Supplied entries:
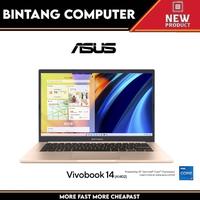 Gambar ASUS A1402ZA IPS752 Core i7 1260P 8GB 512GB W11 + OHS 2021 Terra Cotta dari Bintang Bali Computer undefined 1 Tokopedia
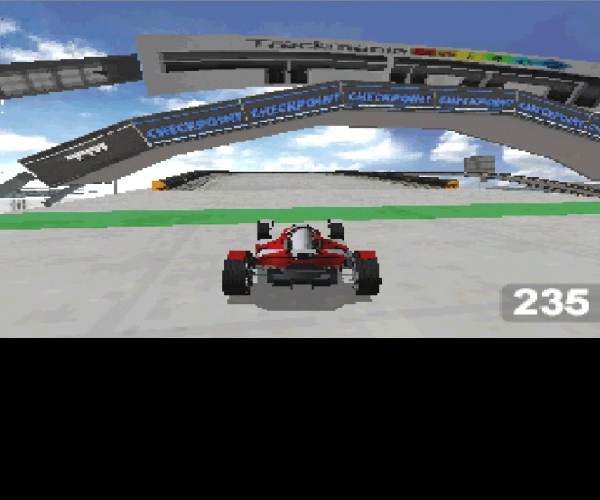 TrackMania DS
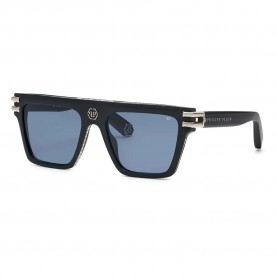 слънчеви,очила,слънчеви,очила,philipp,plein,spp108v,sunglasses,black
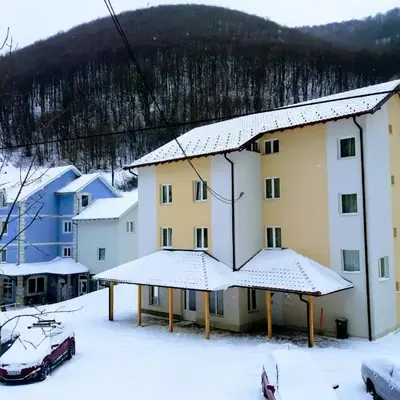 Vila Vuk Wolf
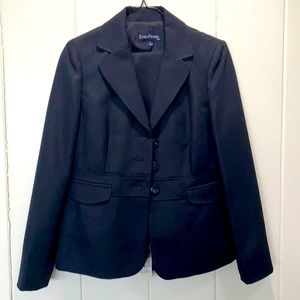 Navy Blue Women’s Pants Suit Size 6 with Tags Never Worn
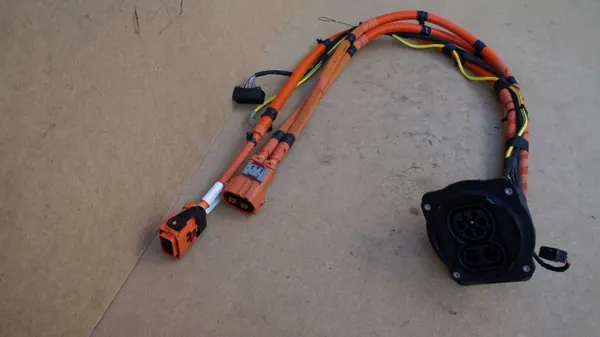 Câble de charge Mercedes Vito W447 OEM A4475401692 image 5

What this task involves: Verbatim repetition of the entries is required, excluding any pictures.

Written solution:
 Gambar ASUS A1402ZA IPS752 Core i7 1260P 8GB 512GB W11 + OHS 2021 Terra Cotta dari Bintang Bali Computer undefined 1 Tokopedia
 TrackMania DS
 слънчеви,очила,слънчеви,очила,philipp,plein,spp108v,sunglasses,black
 Vila Vuk Wolf
 Navy Blue Women’s Pants Suit Size 6 with Tags Never Worn
 Câble de charge Mercedes Vito W447 OEM A4475401692 image 5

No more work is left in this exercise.